1. It is the duty of all officers, who impound motor vehicles, to perform an inventory of those vehicles.
2. The purpose of this inventory will be to ensure a proper accounting of all property in or attached to the vehicle in order to protect the officer from liability of assumed damages and/or missing property.
3. The officer performing the inventory will conduct a thorough and uniform inventory of the vehicle and its compartments.

         One of the regulations listed in the policy statement provides that "[o]fficers should take all necessary precautions when towing a vehicle to properly search and inventory a vehicle. An inventory search is intended to protect the citizen, the officer and the wrecker company from claims of loss and theft."

         Citing Florida v. Wells, 495 U.S. 1 (1990), Perez-Trevino argues that the inventory search of the car violated the Fourth Amendment because the Chouteau Police Department policy did not provide sufficiently standardized criteria for searching closed containers inside the vehicle. "It is 'well-settled' law that 'a police officer, after lawfully taking custody of an automobile, may conduct a warrantless inventory search of the property to secure and protect vehicles and their contents within police custody.'" United States v. Williams, 777 F.3d 1013, 1015 (8th Cir. 2015) (quoting United States v. Rehkop, 96 F.3d 301, 305 (8th Cir. 1996)). The search "must comply with 'standardized police procedures.'" Id. at 1016 (quoting United States v. Mayfield, 161 F.3d 1143, 1145 (8th Cir. 1998)). "The police are not precluded from conducting inventory searches when they lawfully impound the vehicle of an individual that they also happen to suspect is involved in illegal activity." United States v. Pappas, 452 F.3d 767, 771 (8th Cir. 2006) (quoting United States v. Marshall, 986 F.2d 1171, 1175-76 (8th Cir. 1993)). We conclude that the Chouteau Police Department towing policy contained sufficiently standardized police procedures for Officer Fisher to inventory the contents of the vehicle and its compartments.

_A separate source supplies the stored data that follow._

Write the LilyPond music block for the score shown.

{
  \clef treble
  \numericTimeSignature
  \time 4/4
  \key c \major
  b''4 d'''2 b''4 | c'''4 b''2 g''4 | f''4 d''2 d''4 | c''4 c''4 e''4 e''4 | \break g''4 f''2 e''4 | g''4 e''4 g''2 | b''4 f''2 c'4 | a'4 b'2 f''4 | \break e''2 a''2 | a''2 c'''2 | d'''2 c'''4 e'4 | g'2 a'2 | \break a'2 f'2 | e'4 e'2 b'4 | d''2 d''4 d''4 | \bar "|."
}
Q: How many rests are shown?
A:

         We do not decide whether the Chouteau inventory policy provided Officer Fisher with authority to open the cooler. Instead, we affirm the denial of the motion to suppress because, at the time he opened the cooler, Officer Fisher had sufficient probable cause to search the vehicle and its contents under the "automobile exception" to the Fourth Amendment warrant requirement. Accord United States v. Winters, 221 F.3d 1039, 1042 (8th Cir. 2000) ("Trooper Busch then smelled raw marijuana. This created probable cause to search the car and its containers for drugs."). "Under the automobile exception, officers may search a vehicle without a warrant if they have probable cause to believe the vehicle contains evidence of criminal activity." United States v. Davis, 569 F.3d 813, 817 (8th Cir. 2009) (quoting United States v. Cortez-Palomino, 438 F.3d 910, 913 (8th Cir. 2006) (per curiam). Prior to searching inside the cooler, Officer Fisher had obtained contradictory statements from the car's occupants as to their destination, discovered the plastic bag containing the marijuana, and found the dollar bill containing apparent drug residue. This was sufficient probable cause to search inside the cooler. Accord Davis, 569 F.3d at 817-18 ("If there had been any doubt about whether the smell of smoldering cannabis constituted probable cause to search the vehicle, such doubt was obviated by the discovery of a bag of marijuana in Davis's pocket.").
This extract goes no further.